Unchartered Territory

First thing: there is an election this year, and a reason to go to the polls November 2. It’s that whole charter business. Stay with me here. I’ll try to keep this brisk.

You know the charter. It’s the city’s constitution, except the Constitution is a 5,000-word statement of principles whereas the charter is a 500-page (or so) iteration of statutes (no, smart guy, I’ve never read it). Every decade or two, when the odor of reform grows rich in the municipal air, a mayor appoints a commission to concretize a few reforms, and the commission’s ideas go before the people. There are hearings – and hearings, and hearings – and editorials and civic debates; general high-mindedness is afoot. Politics of course infects the process, but broadly speaking, charter change, like the quadrennial election of a president, is one of those pageants that allow us to sit back and speak contentedly of democratic splendor.

That’s how it was in the late eighties, when court rulings forced the city fathers to change our system of municipal government, and a charter commission appointed by Mayor Koch spent endless hours and months rewriting the laws and taking testimony from any (and I do mean any) interested party.
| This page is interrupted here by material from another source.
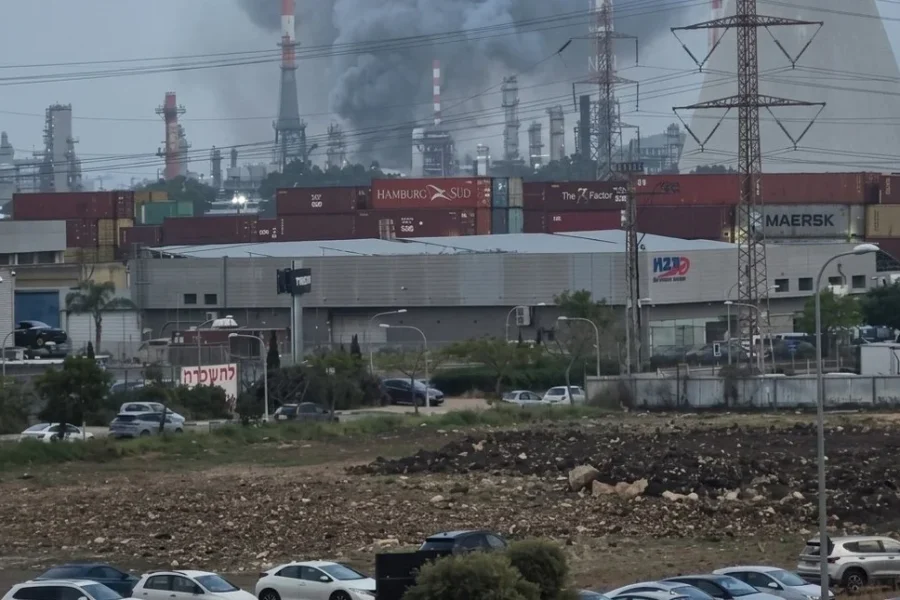 Το Ιράν χτύπησε διυλιστήριο στο Ισραήλ, στη Χάιφα, φωτιά και καπνοί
Well, that’s not how it is now.

As you probably know, Mayor Giuliani appointed this commission when he realized that if he won the Senate race and thus left the mayoralty a year early, the ghastly Mark Green would succeed him as mayor. The commission was to change the charter (which currently says: mayor vacates, public advocate takes over) to call for a special election for a new mayor. There are good reasons why making such a change might make sense (or why there should be no public advocate to begin with). But not under these circumstances. A mayor can’t decide he wants to change the law just because he happens to loathe the fellow who might take his job if he leaves it. Even the Post called the mayor’s proposal a “bill of attainder” (I told you: high-mindedness), and though it isn’t precisely that, it is very clearly a fairly hefty use of public time and money for the sole purpose of sticking a shiv in one man’s back.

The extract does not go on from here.